Last night I was up until almost 6 am writing my new frozen shoulder blog:
http://myfrozenshoulderstory.blogspot.com/

It is meant for people with frozen shoulder, and it felt really good to organize that whole story and get it out there.  And I am still in a writing mood today.  I have a couple more ideas but I think I will put them in separate posts.

There is a lot more cleaning and purging to do.  I have a plan to start dealing with the books.  I have been accumulating every book I ever bought since I was 9, and I moved that collection all the way across the continent to California and back again, but now I have plans to reduce that collection by about 1/3 to 1/2.  Most of the fiction will go, although I read one Jane Austen book a few months ago I haven't regained any interest in fiction since then.  All the books from grad school will go (literary criticism and theory), all the psychology books from my days in therapy, sundry self-help and diet books, all my non-vegan cookbooks, and a whole shelf of astrology and tarot books that I no longer consider to be relevant to my experience.  Every box that comes in the house will leave again full of books, and I'll donate them all to my college book sale.  The paperbacks will go to a local used bookshop where my mom can use the store credit they issue for the books.

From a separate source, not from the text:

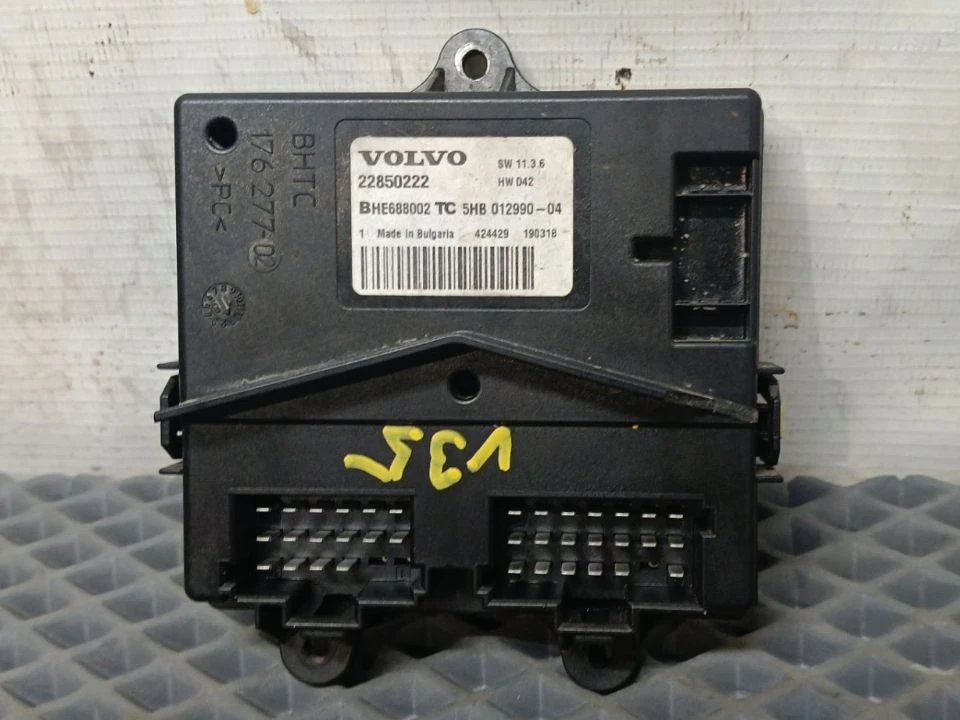 Блок управления отопителем  б/у 22850222 для Volvo (Вольво) - 1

Wow, it's tiring just thinking about it.  But, it can happen gradually, it doesn't have to be done all at once.  It will be good to free up all that energy.  I now believe that your life should be a steady stream of new things coming into your life and old things going out.  You keep what you need in the moment and trust that when you need something else it will come to you.  That's been my experience lately, the things I need or want have been showing up very quickly.  Now what I really want is a new car!